Dal punto di vista dei genitori, l’esistenza di un gruppo di insegnanti può rappresentare una forma implicita di assicurazione contro il rischio di incontrare insegnanti scadenti. Supponiamo per esempio vera la legge suggerita da Carlo M. Cipolla sull’esistenza di un fattore sigma, secondo cui in ogni contesto umano è presente una frazione più o meno costante di stupidi, diciamo per esempio il 10 per cento. Il calcolo probabilistico ci assicura che la probabilità che i nostri figli incontrino simultaneamente due insegnanti stupidi è pari a una su cento casi, e tale probabilità scende man mano che il team sia costituito da un numero crescente di insegnanti (pari a una su mille con tre insegnanti, e così via).
Invece di rafforzare meccanismi di controllo reciproco allargando la responsabilità gestionale al team degli insegnanti (siano essi i due titolari nel tempo pieno nella scuola elementare, o il collegio docenti nella sua interezza per la scuola media), la riforma punta al rafforzamento del ruolo direttivo da parte di un singolo insegnante (il cosiddetto insegnante di riferimento).
E questo è particolarmente incisivo nella scuola primaria, dove anche senza una riduzione dell’orario formale (come il ministro Moratti ha ripetutamente sottolineato), si prefigura un accentramento della responsabilità didattica sulla figura di un unico insegnante, cui si affiancano in posizione secondaria i docenti incaricati degli insegnamenti specialistici (lingua straniera, in primis).
Per il momento, non c’è chiarezza sui processi selettivi che porteranno alla individuazione degli insegnanti di riferimento, è perciò impossibile formulare previsioni sulle conseguenze di lungo periodo nei livelli di apprendimento.
È tuttavia evidente che questa redistribuzione delle responsabilità accentua la possibilità di comportamenti opportunistici perché indebolisce i meccanismi di controllo e verifica, sia da parte dei colleghi che da parte dei genitori, che oltretutto vengono esposti a un rischio maggiore di incorrere nel fattore sigma.
Sfuggono a chi scrive le ragioni reali che hanno spinto verso questa riorganizzazione, dagli aspetti dubbi sul piano pedagogico (vedi l’articolo di Elisabetta Nigris in questo numero), e che indebolisce gli incentivi alle performance didattiche di tipo virtuoso.
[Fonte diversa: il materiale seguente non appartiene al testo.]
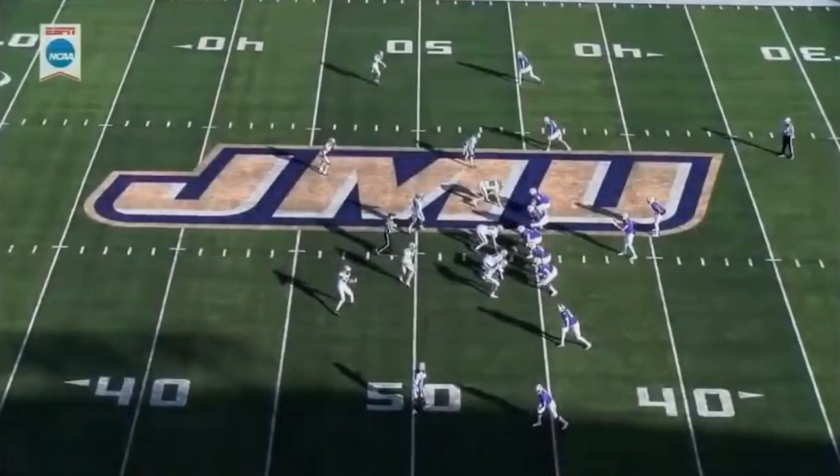Of course, the ability to create outside of the pocket is perhaps the most valuable asset an NFL quarterback can have. Here is a great example of DiNucci's ability to do just that.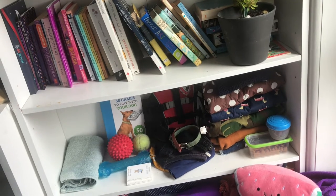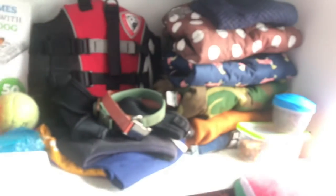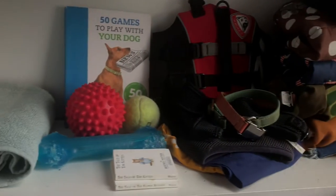I added some toys and some balls for her to play with, and this is the final result. I think it looks super cute and I really hope she enjoys it. Let's go get her.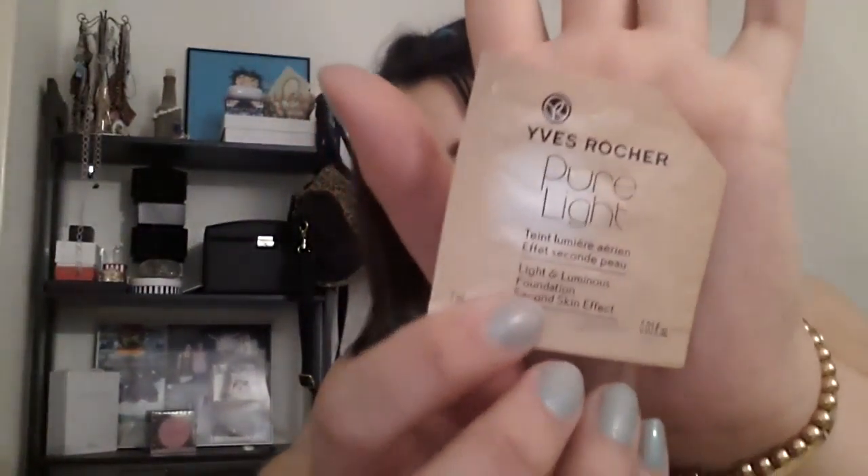Then I have a sample from Yves Rocher — the Pure Light, Light and Luminous Foundation in second skin effect. This is what it looks like, in beige 200. I liked it, it was okay, but will I purchase it? No, because I don't use foundation that much. This little one-milliliter sample can last me a week if I use it every day. I like my skin the way it is — if I get it for free I'll use it, but I won't buy it.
Se si tratta banalmente di ragioni di cassa (ridurre il numero degli insegnanti per ridurre la spesa e/o alzare il livello delle retribuzioni degli insegnanti che sopravvivono alla riorganizzazione), era forse meglio adottare meccanismi più trasparenti, piuttosto che andare a toccare una istituzione che, almeno a livello primario, produce delle performance formative del tutto soddisfacenti.